Les ruelles terreuses sont bordées d’étals de bois présentant aliments et biens de première nécessité. Munies de seaux, des femmes puisent de l’eau ou vont en chercher à la pompe. Une école protestante privée a même ouvert dans le cimetière il y a trois ans. Dans une cour, des enfants jouent au football dans le traditionnel uniforme d’école bleu et blanc. «Elle compte aujourd’hui environ 150 enfants. Les parents paient 78.000 francs congolais (environ 80 dollars) par an, contre 300 ou 400 dollars ailleurs», résume le directeur. En RDC, d’autres cimetières abritent des civils – et même des policiers et militaires – qui affirment n’avoir pas les moyens de vivre ailleurs.
Thérèse, une veuve de 57 ans, qui habite au cimetière de Kinsuka depuis cinq ans, avait acheté quatre terrains «à un chef coutumier grâce à l’aide de ses enfants. Ils ont coûté entre 2500 et 4000 dollars chacun (1800 à 2950 euros), raconte cette commerçante. Dans son deux-pièces, la chambre a une moustiquaire, mais pas de matelas. « En novembre, les policiers sont venus détruire les maisons, ils m’ont pris des affaires. Ils ont cassé, sans offrir une solution à la place.

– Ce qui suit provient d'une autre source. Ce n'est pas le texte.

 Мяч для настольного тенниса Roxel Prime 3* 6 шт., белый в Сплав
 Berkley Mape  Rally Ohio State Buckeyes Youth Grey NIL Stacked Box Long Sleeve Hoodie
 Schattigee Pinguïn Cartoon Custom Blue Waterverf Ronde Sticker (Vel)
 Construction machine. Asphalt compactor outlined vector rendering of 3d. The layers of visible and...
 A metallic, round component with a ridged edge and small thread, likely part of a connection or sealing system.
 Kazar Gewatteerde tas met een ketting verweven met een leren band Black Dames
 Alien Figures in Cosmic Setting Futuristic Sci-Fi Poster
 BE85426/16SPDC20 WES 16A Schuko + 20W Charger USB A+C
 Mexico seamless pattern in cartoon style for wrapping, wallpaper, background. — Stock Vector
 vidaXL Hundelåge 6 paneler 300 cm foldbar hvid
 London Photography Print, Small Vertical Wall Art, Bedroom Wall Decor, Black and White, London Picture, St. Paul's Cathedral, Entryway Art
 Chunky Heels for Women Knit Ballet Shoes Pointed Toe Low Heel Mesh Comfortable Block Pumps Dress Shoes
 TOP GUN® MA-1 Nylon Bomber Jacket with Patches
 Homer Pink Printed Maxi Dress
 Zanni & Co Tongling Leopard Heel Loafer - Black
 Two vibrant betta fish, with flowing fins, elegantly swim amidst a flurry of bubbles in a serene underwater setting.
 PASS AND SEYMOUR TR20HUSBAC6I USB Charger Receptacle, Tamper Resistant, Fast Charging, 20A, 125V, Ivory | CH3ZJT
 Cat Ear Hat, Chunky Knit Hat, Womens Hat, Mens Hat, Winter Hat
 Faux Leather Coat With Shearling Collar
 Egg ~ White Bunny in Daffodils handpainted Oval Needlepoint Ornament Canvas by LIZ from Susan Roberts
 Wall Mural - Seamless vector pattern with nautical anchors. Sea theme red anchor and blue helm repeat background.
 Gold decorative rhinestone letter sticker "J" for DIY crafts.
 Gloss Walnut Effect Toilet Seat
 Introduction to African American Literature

J’ai reconstruit ma maison, mais je n’ai pas eu le courage de reconstruire sur mes autres terrains », explique-t-elle. « Ca fait peur de dormir près des tombes… Mais on n’avait plus de maison », confie Bibiche, 23 ans, qui vit depuis deux ans à Kinsuka. « Le cimetière, ce n’est pas bien, on n’a pas de courant ». D’autres disent avoir de la lumière et payer une facture à la Société nationale d’électricité (SNEL). Pour Pius Ngoie, conseiller au ministère de l’Urbanisme, l’installation sauvage dans les cimetières est la faute de fonctionnaires de l’Etat tout à fait irresponsables qui vendent des parcelles de façon frauduleuse. Et dangereuse : il faut cinquante ans après le dernier enterrement pour que le cimetière soit considéré comme désaffecté. « Parfois, les gens voient des sources d’eau, mais quand vous sentez, ça sent le cadavre », commente le docteur Benjamin Mavard Kwengani, directeur de l’Hygiène au ministère de la Santé.
« Nous n’avons aucune étude, mais il survient des phénomènes anormaux dans les communautés: des diarrhées et des malformations que l’on ne peut pas expliquer ». Le modeste centre de santé dit de «médecine naturelle» du cimetière n’a pas constaté de problème. Mais, pour Peter, un maçon dont le père et le grand-père sont enterrés à Kinsuka, tout cela risque de mal finir. Un jour, un tracteur de l’Etat va venir arracher leurs maisons, et ils vont tout perdre. L’histoire lui a donné raison : quelques jours plus tard, des militaires sont venus détruire certaines des maisons construites sur les vestiges des demeures de défunts. Certains habitants sont partis, d’autres sont restés.